TOBB Başkanı Hisarcıklıoğlu ve Cumhurbaşkanı Erdoğan’ın Genel Kurul’daki konuşması hoş bir anekdot. Ama yetmez…. Zira bu işler birbirimizi gaza getirmekle ya da temenniyle olmuyor. Öncelikle bugünkü daralan pazar koşullarında rekabetçi bir otomobil yapmanız mümkün değil.
Yine de üretmeye karar verirsek, kamunun işin içinde olması, finansman desteği sağlaması ve seri üretime geçildikten sonra ithalata ilişkin mevzuatı masaya yatırıp, iç piyasada bu ürünün satılmamasını olanaksız kılması gerekir. Aksi takdirde pazar da, maliyetler de, ürün de çok fizıbl değil.

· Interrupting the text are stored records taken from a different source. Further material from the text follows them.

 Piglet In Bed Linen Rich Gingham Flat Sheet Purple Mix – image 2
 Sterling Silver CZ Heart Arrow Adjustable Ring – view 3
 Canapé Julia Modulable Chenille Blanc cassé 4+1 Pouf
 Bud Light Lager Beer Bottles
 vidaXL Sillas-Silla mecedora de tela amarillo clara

Türkiye’nin önce motor ve yazılım işini halletmesi, ardından çakma tasarımlar peşinde koşmaktansa, orijinal bir ürün yaratması, içte ve dışta birim maliyeti düşürecek pazar ve rekabete dayanacak finansman bulması ve Türkiye markasını düzeltmesi gerekiyor.

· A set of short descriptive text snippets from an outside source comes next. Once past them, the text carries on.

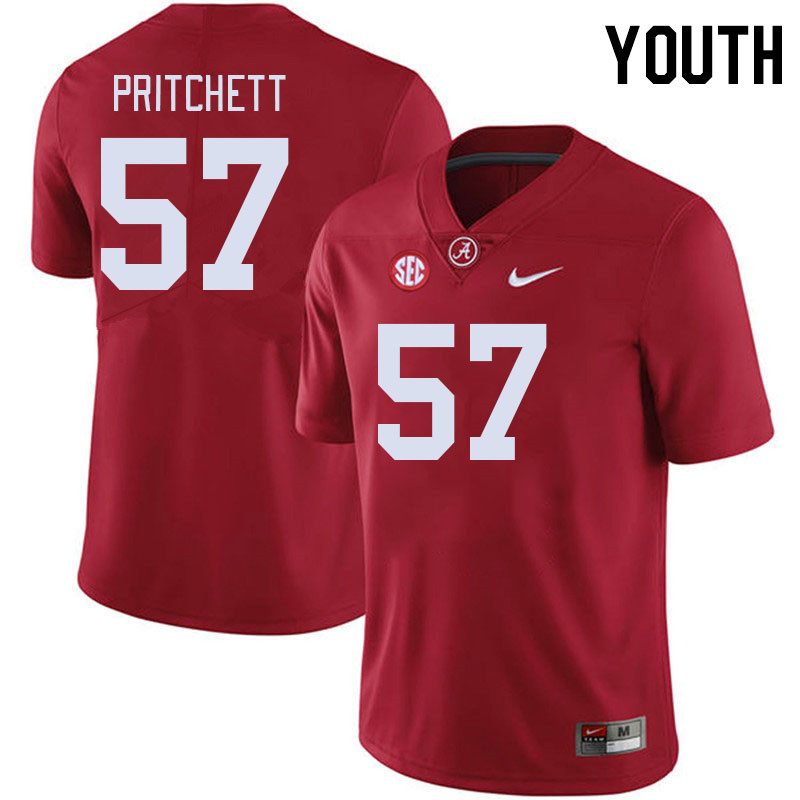 Youth #57 Elijah Pritchett Alabama Crimson Tide College Footabll Jerseys Stitched-Crimson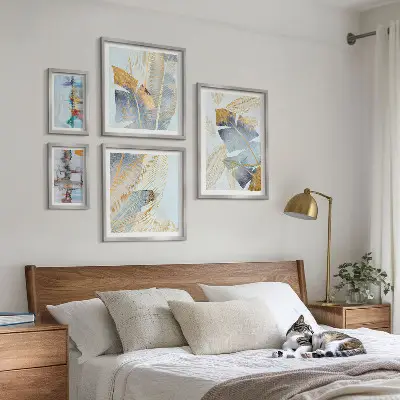 Modernes Wandbilder-Set mit Pflanzenmotiven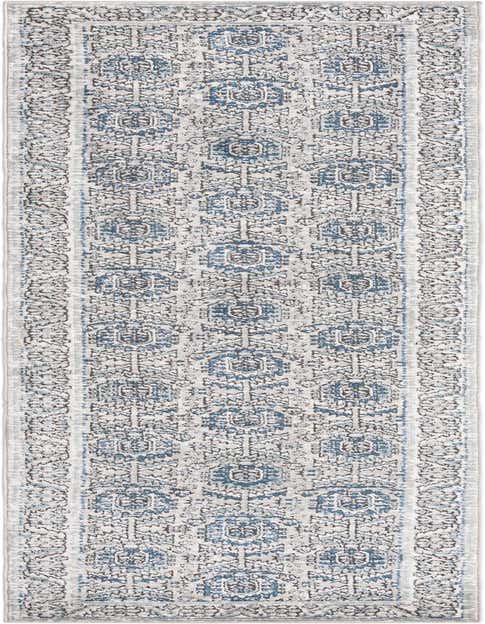 A 12 ft runner rug in gray and blue with a distressed traditional medallion and border pattern, ideal for a hallway.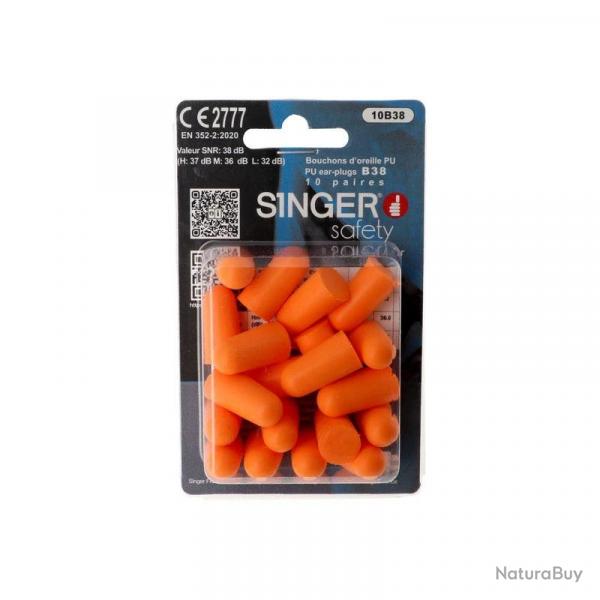 Bouchons d'oreille en polyurthane - Blister de 10 paires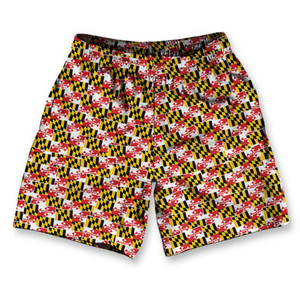 Maryland State Athletic Running Fitness Exercise Shorts 7" Inseam Made in USA - White Red Yellow Maryland State Athletic Running Fitness Exercise Shorts 7" Inseam Made in USA - White Red Yellow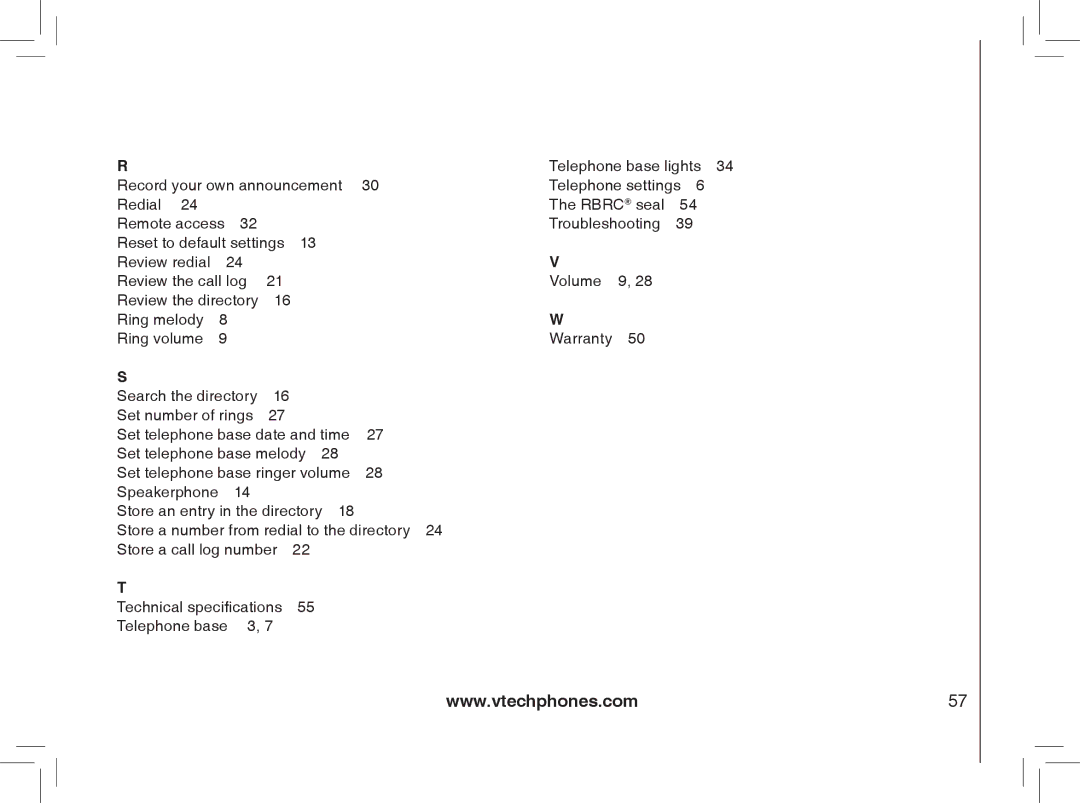 VTech Model 6032 user manual Telephone settings  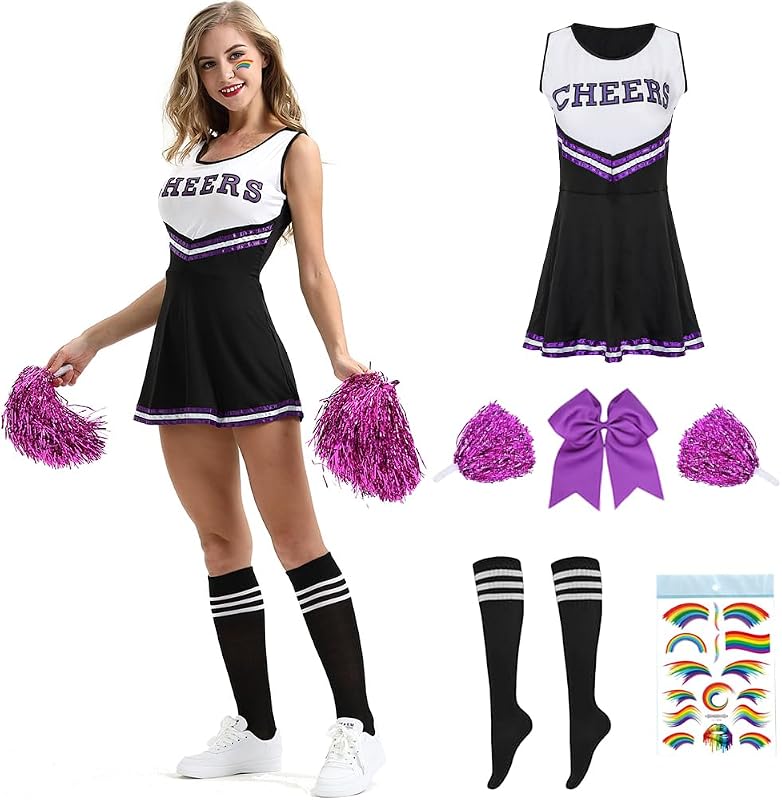 PASLFC Costume de pom-pom girl pour femme pour adulte, tenue de pom-pom girl, costume de pom-pom girl de lycée, pom-pom girl pour carnaval, fête, cosplay, carnaval, Halloween
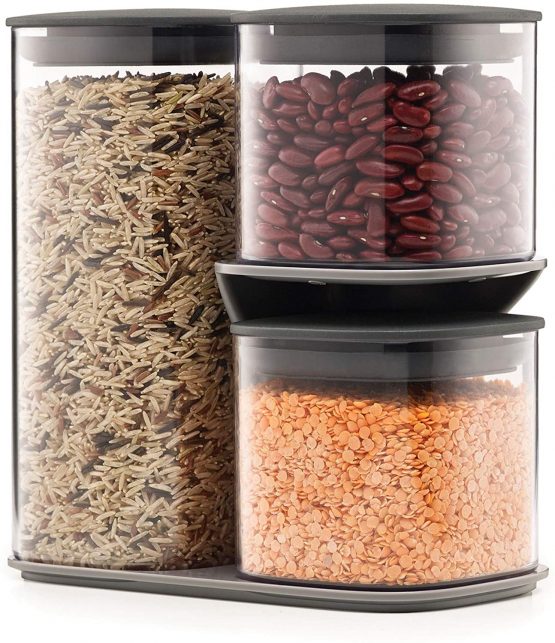 Joseph Joseph 81072 Podium 3-Piece Air Tight Kitchen Storage Jar Set with Stand, Grey- Set of 3 - Image 3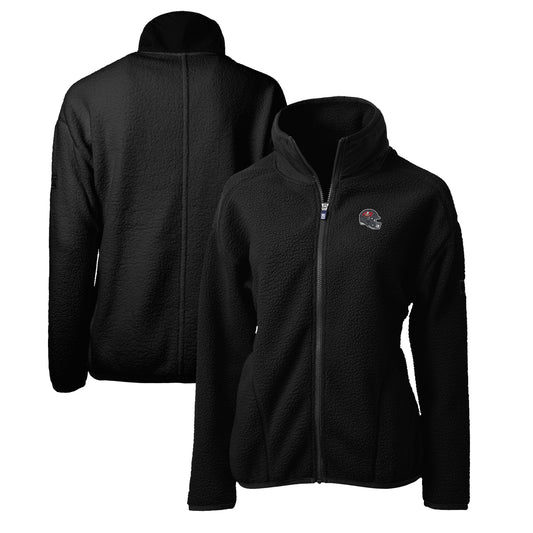 Women's Cutter & Buck  Black Tampa Bay Buccaneers Helmet Logo Cascade Eco Sherpa Full-Zip Fleece Jacket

Peki neden bu konuya kıt kaynakları harcayalım? Uçan otomobillerin konuşulduğu, hidrojenle gidecek araçların tartışıldığı bir dünyada bunu niye kompleks yapalım?
2 binli yılların başlarında dünyada parasal genişleme varken, pazar açıkken böyle bir girişim sonuç verebilirdi. Ama bugün olanaksız. Aslında bugün gündeme gelen doğruların hepsinin, geç kalınmış ve treni kaçırılmış konular olduğunu belirtmek gerekiyor. Aradaki çelişki de buradan doğuyor.

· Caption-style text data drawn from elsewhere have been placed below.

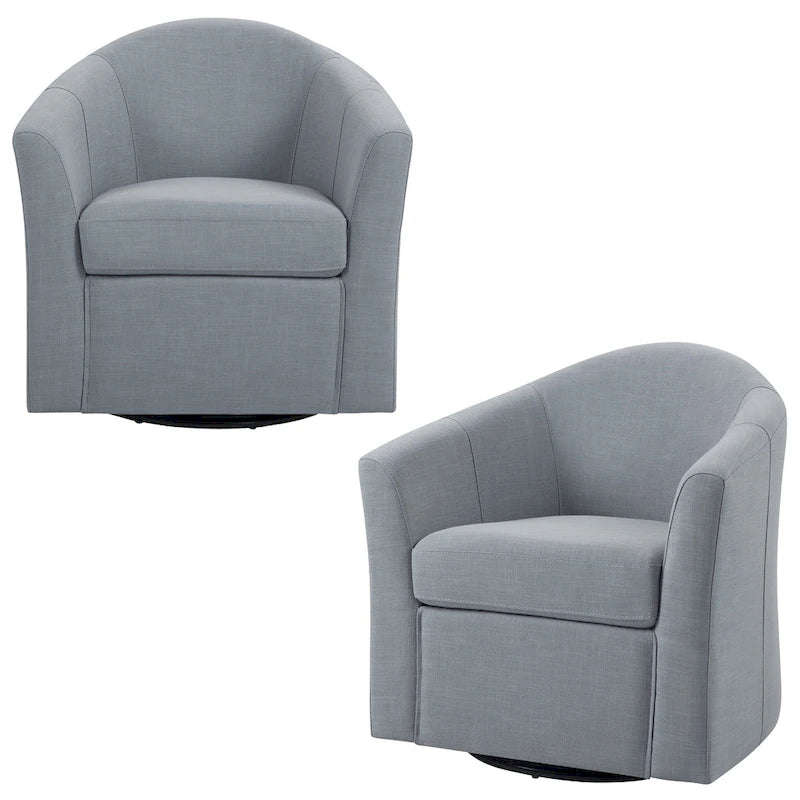 Set van 2 moderne gestoffeerde draaibare kuipstoelen voor de woonkamer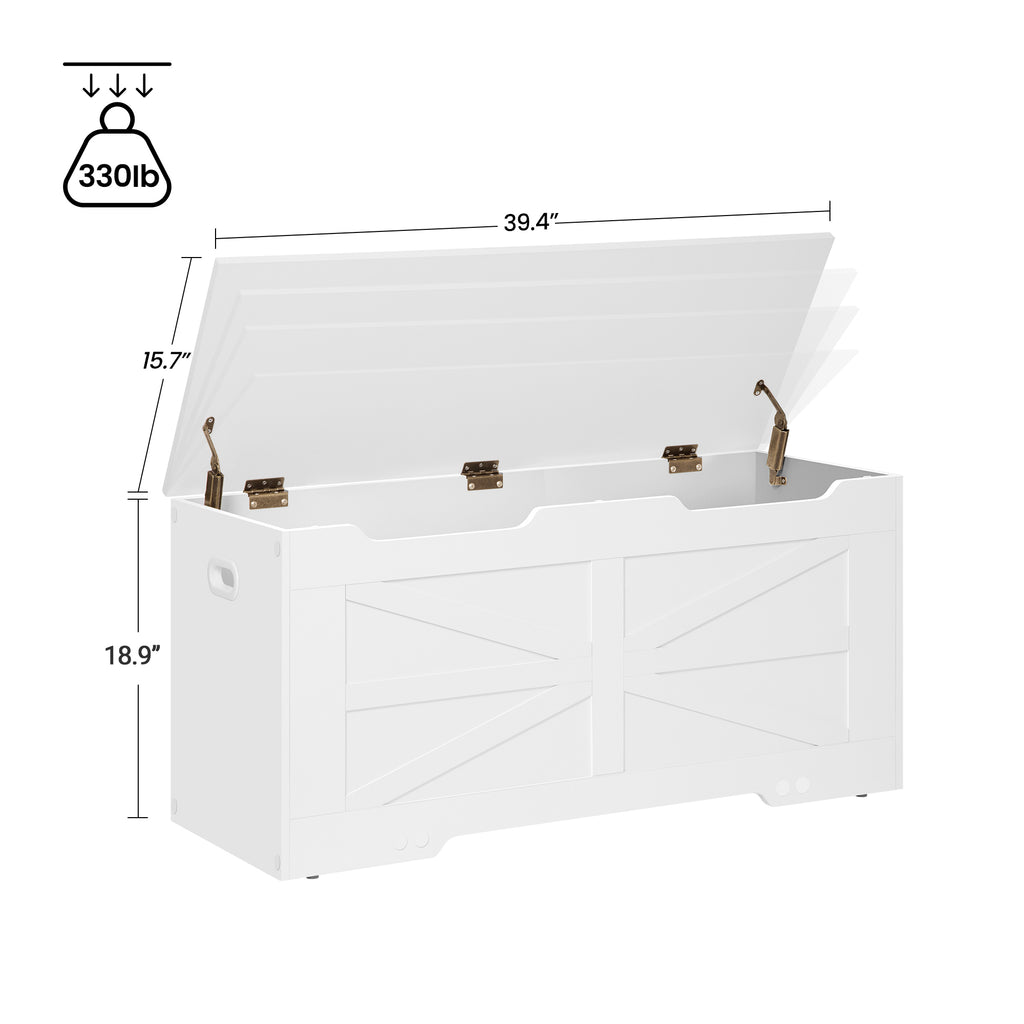 Hzuaneri Shoe Bench, Bench with Storage Space, Seat Chest, 100 cm Lift-Top Storage Organiser with 2 Sturdy Hinges, Shoe Bench for Entrance Area, Bedroom, Living Room, White SB03403X
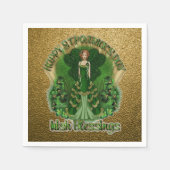 Serviette En Papier Blessures irlandaises St Patrick's Day Gold Napkin (Devant)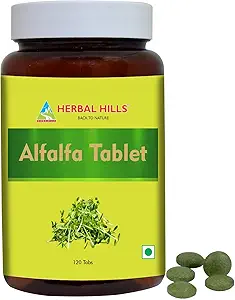 KRUIDEN HILLS Alfalfa Tablets 120 Telling Bron van Vitamine A Natural Green Superfoods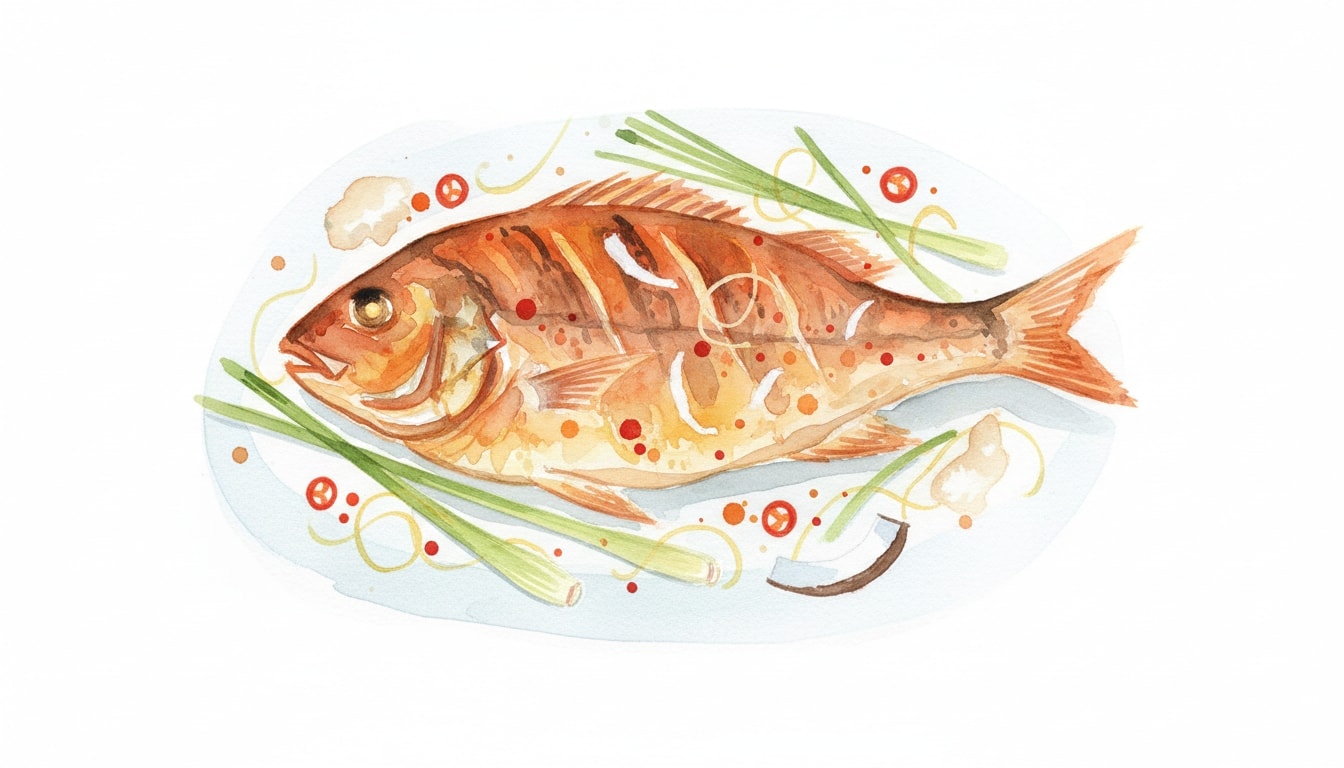 Grilled Whole Fish With Lemongrass, Chiles and Coconut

Bence bu otomobil üretme işinde acele etmeyelim. Gerçekten niyetliysek, tasarımcısından üreticisine, mühendisliğinden yazılımcısına organize kullandırabileceğimiz bir fon yaratalım ve 10 sene sonrasının trendlerini esas alan, geleceğin otomobilini üretelim.
Aksi takdirde başkasının modeliyle, kaynakları heba ederek ürettiğimiz otomobilin yakıt masrafını nasıl karşılayacağımızı kara kara düşünürken, elalem uçan otomobillerle üzerimizden geçecek.
Ne olur artık bu ve her konuda hayalleri olmakla, hayalperest olmak, fikir sahibi olmakla proje yapmak, duygusal hareketlerle gaza gelip nutuk atmak yerine vizyoner olmak arasındaki farklı anlayarak konuşalım. Yoksa yeni bir batık yatırım daha kapımızda.